- Born: Tarea Susie Hall 1903 Bakersfield, California, U.S.
- Died: July 31, 1991 (aged 87–88)
- Other names: Tarea Susie Hall–Pittman, Ty Hall–Pittman
- Education: San Francisco State University
- Occupation: Civil rights activists
- Known for: Director of the West Coast Region of the NAACP

= Tarea Hall Pittman =

American civil rights activist, broadcaster (1903–1991)

Tarea Hall Pittman (1903 – July 31, 1991) was an American civil rights leader who served as President of the California State Association of Colored Women's Clubs from 1936 to 1938 and of the California Council of Negro Women from 1948 to 1951, and as Director of the West Coast Region of the NAACP from 1961 to 1965.

== Biography ==
Tarea Susie Hall was born in 1903, in Bakersfield, California, the second of five children born to William Hall and Susie Pinkney. Her father had moved from Alabama to Bakersfield in 1895 and made his living as a farm laborer. He helped his brothers found the Bakersfield Branch of the National Association for the Advancement of Colored People (NAACP).

Tarea Hall attended integrated public schools in Bakersfield and enrolled at the University of California, Berkeley in 1923. Because Black students were not allowed to reside in campus housing at that time, she used her personal connections to find accommodations. In 1927, she married William Pittman, a dental student, and dropped out of college to support him. Eventually, she enrolled in San Francisco State College (now San Francisco State University) and received her A.B. degree in social service in 1939.

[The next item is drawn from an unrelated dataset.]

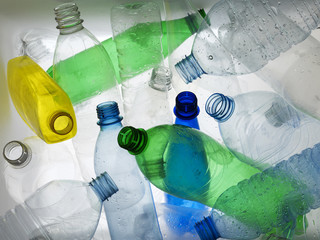 Backlit collection of colourful plastic bottles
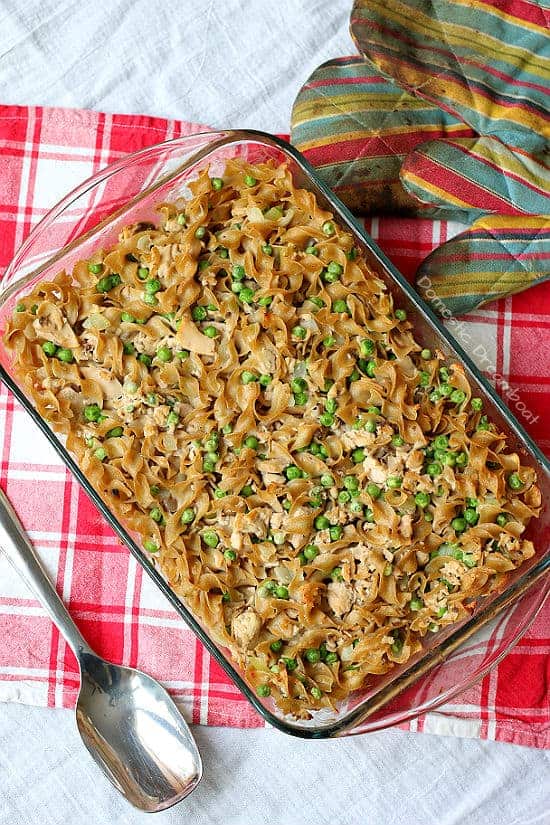 An overhead photo of salmon noodle casserole in a glass baking dish.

Pittman became active in the NAACP and California State Association of Colored Women’s Clubs in the early 1930s, serving as president of the Association from 1936 to 1938. Her work with the Association included voter registration and funding orphanages for African American children.

In its inaugural year of 1936, Pittman organized west coast branches of A. Philip Randolph's National Negro Congress, which focused on the rights of African-Americans to fair employment, housing, union membership, educational opportunities, anti-lynching legislation, and ending police brutality. Tarea Pittman assisted in the creation of the Negro Education Council, which provided research for and funded Negroes in the News, a radio program devoted to publicizing positive news about the African American community. Pittman often hosted the program as well and became a recognized radio personality across the United States.

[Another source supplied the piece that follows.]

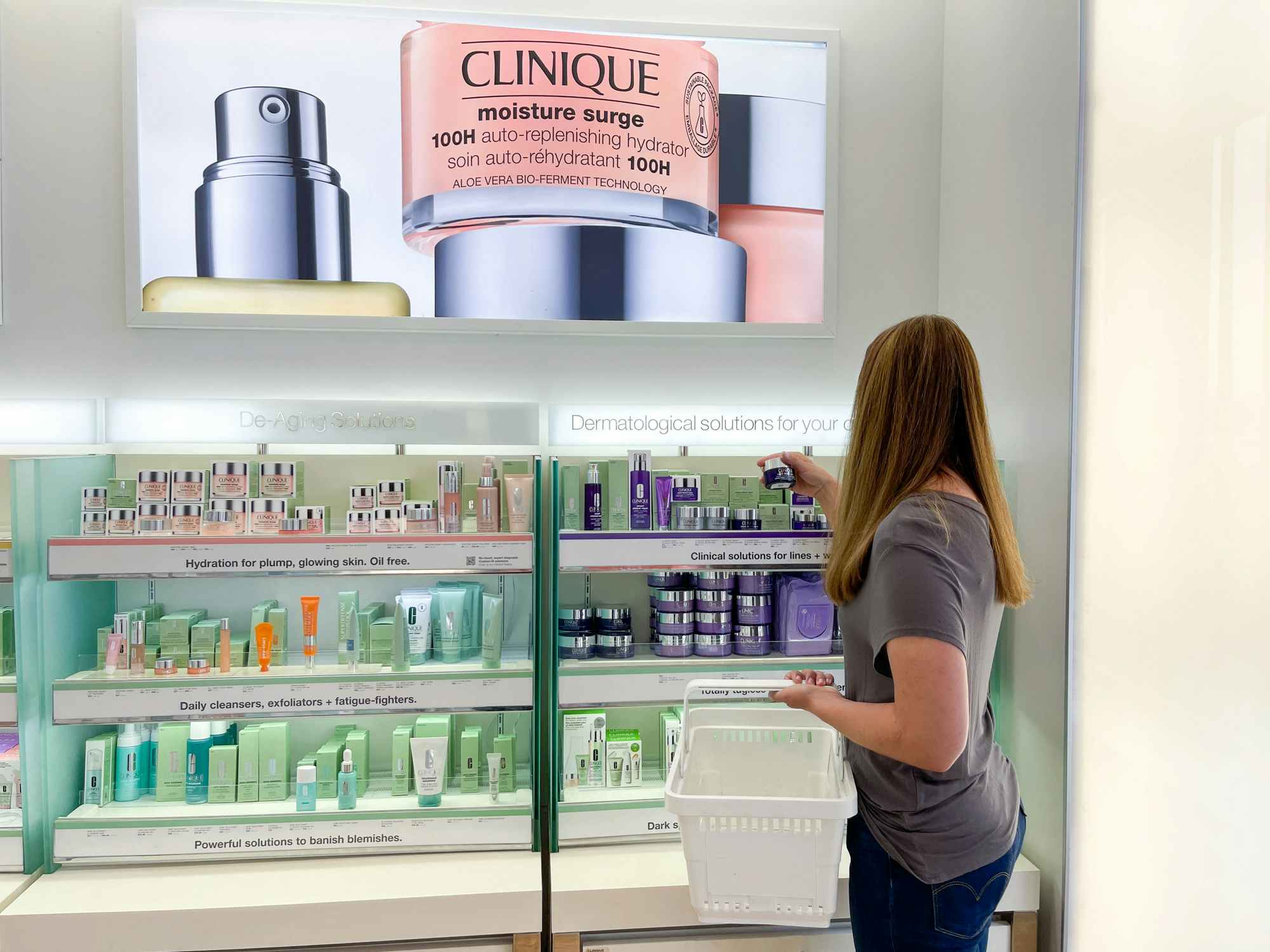 A person shopping the Clinique display at Ulta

During World War II, Pittman was a social worker whose job with the Richmond Travelers Aid Society was to help Black workers arriving from the South for work in the shipyards settle their families into the area. She also organized protests against Kaiser Shipyards and other war industries in 1941 and 1942 to force them to hire African Americans.

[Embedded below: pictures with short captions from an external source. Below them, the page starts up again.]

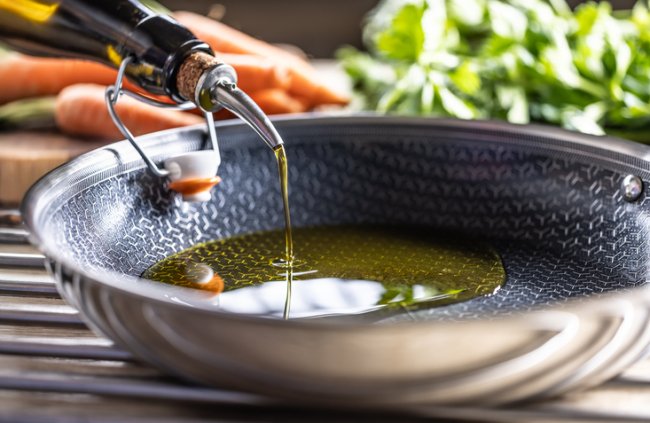 Olijfolie wordt in de pan gegoten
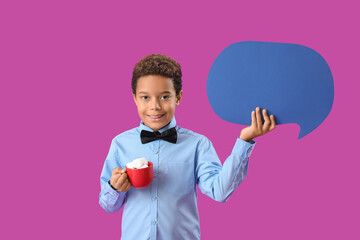 Little African-American boy holding cup of hot chocolate with marshmallows and speech bubble on...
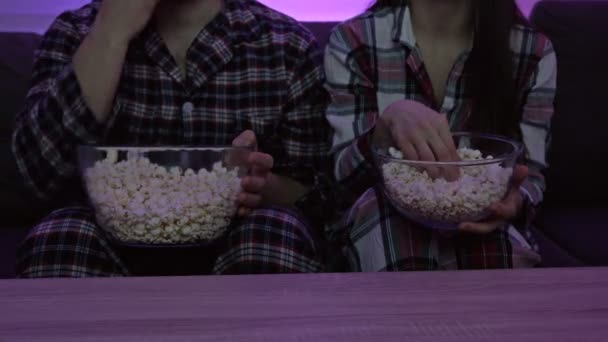 Супружеская пара в пижаме сидит перед телевизором и ест попкорн. Домашний карантин во время пандемии Ковида-19. — стоковое видео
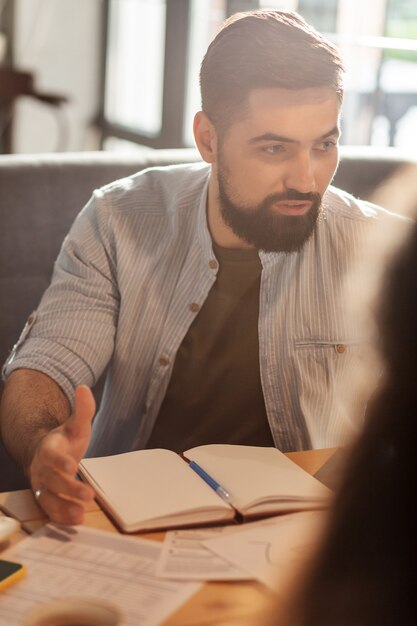 Photo new ideas. handsome smart man sharing his innovative ideas while sitting with a notebook in front of him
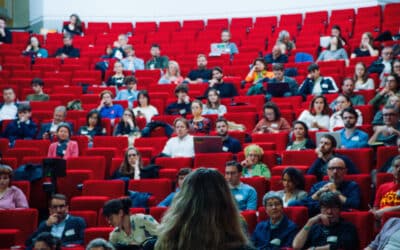 Salle de conférence avec des gens dans le public et une personne qui parle au micro de dos.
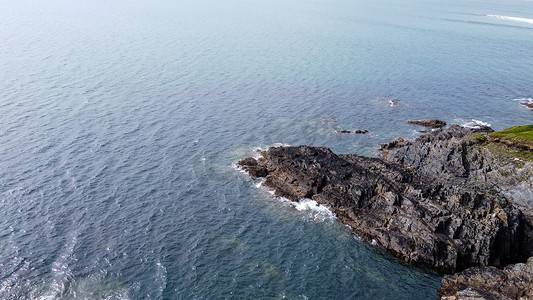 一个巨大的石头斗篷在大西洋的水域，顶部的视野。平静的海面海景空中照片.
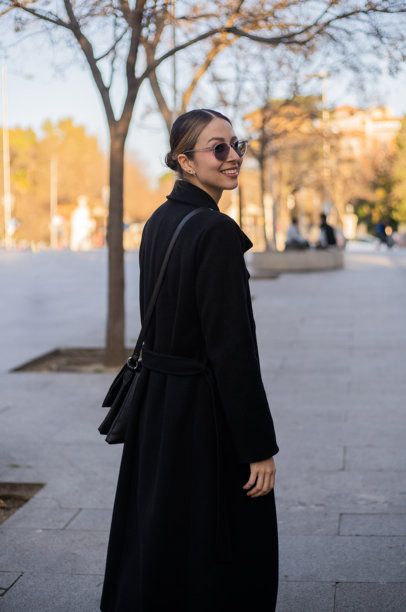 时尚年轻女性在晴朗的冬日里微笑着漫步于城市中 - 股票照片。图片下载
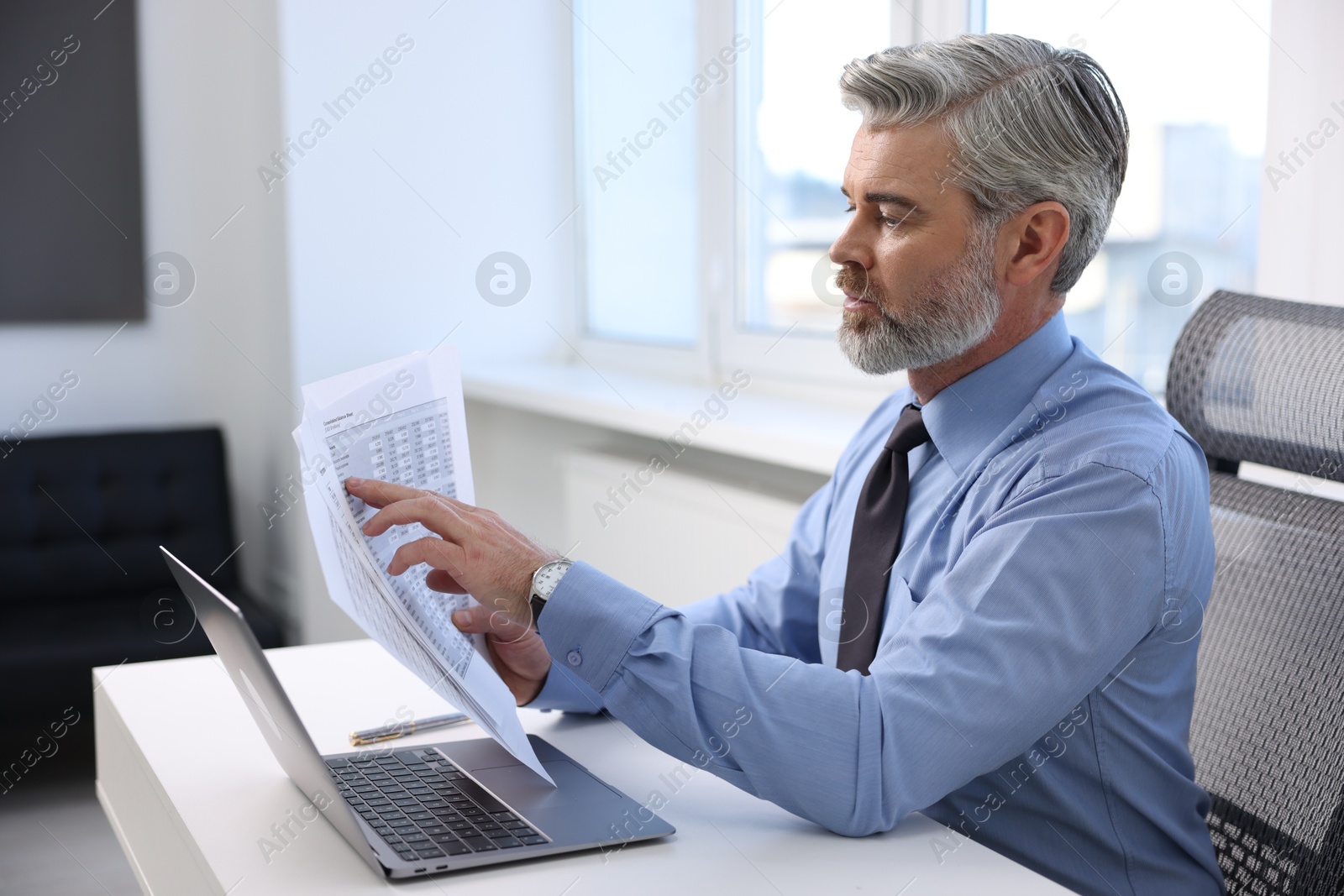 Photo of Banker with documents at desk in office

After the war, Tarea Pittman was active in the California Council of Negro Women, serving as its president from 1948 to 1951. Because Black women were often obligated to work outside the home to help support the family, access to accessible, affordable childcare facilities was critical to Black families. When California state officials attempted to reduce, or even eliminate altogether, funds for childcare, Pittman and the California Council of Negro Women worked with other activists to press for expansion of the state’s childcare program. As a result, in 1957, California established a one-of-a-kind permanent childcare program.

Continuing her civil rights work, in 1952 Pittman played a key role in the desegregation of the Oakland Fire Department.

Working on behalf of the NAACP, Pittman became California’s first full-time lobbyist for fair employment practices. In 1959, California passed the California Fair Employment Practice act barring businesses and labor organizations from discriminating against employees or job applicants on the basis of their color, national origin, ancestry, religion, or race; and creating the Fair Employment Practice Commission dedicated to prohibiting discrimination in the workplace. Partly based on that success, Pittman served as Director of the West Coast Region of the NAACP from 1961 to 1965.  During her tenure, the NAACP helped to get similar Fair Employment Practices laws passed in Arizona, Alaska, and Nevada. Pittman retired from the NAACP in 1970.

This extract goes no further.